MATERIAL PROVIDED:
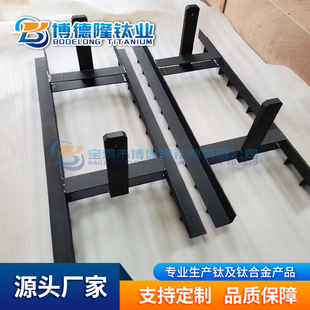 ��g�T���늘O����MMO�ꖘO���I�Uˮ̎��늽�늘O늻��W����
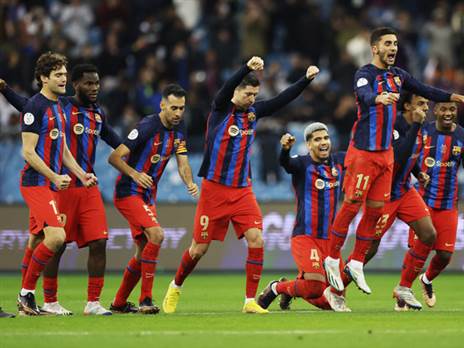 בדרך לתואר ראשון אחרי שנתיים? (Yasser Bakhsh/Getty Images)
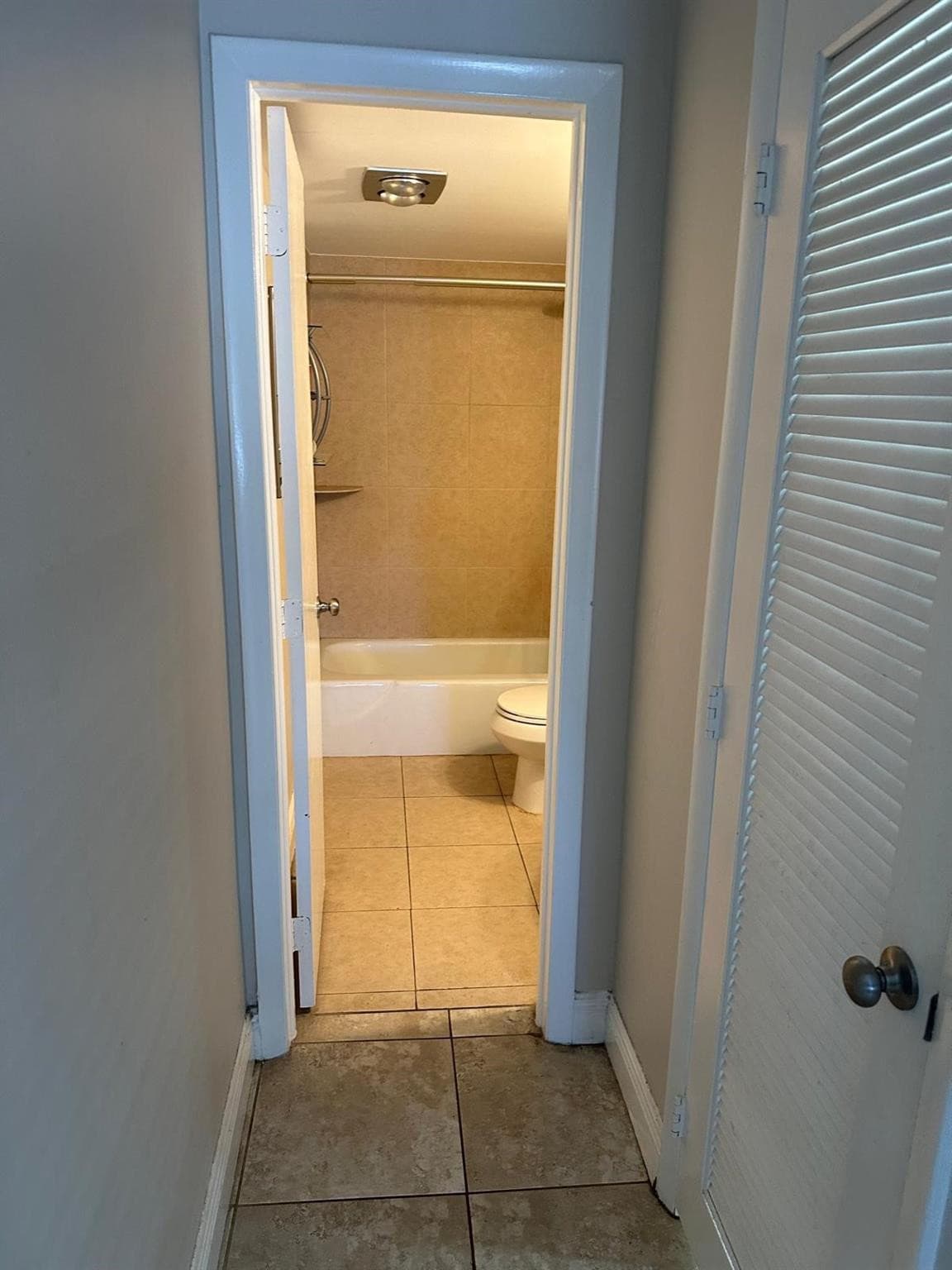 400 N Riverside Drive 102, Pompano Beach, FL 33062 — photo 11 of 20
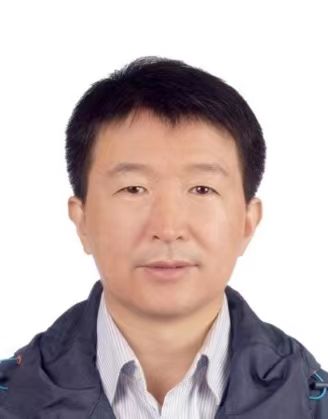 开云在线客服创新论坛第一千四百一十六讲：黄河源区下垫面变化的生态水文模拟与响应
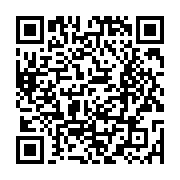 기타 페이지 바로가기 주소(https://www.jangseong.go.kr/q/ezMxMjV8Mzk1Mzd8c2hvd3xwYWdlPTQ2fQ==&e=M&s=3), QRCODE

INSTRUCTIONS FOR THE TASK: Without the pictures, write out every line above exactly as it appears.

OUTPUT OF THE TASK:
 ��g�T���늘O����MMO�ꖘO���I�Uˮ̎��늽�늘O늻��W����
 בדרך לתואר ראשון אחרי שנתיים? (Yasser Bakhsh/Getty Images)
 400 N Riverside Drive 102, Pompano Beach, FL 33062 — photo 11 of 20
 开云在线客服创新论坛第一千四百一十六讲：黄河源区下垫面变化的生态水文模拟与响应
 기타 페이지 바로가기 주소(https://www.jangseong.go.kr/q/ezMxMjV8Mzk1Mzd8c2hvd3xwYWdlPTQ2fQ==&e=M&s=3), QRCODE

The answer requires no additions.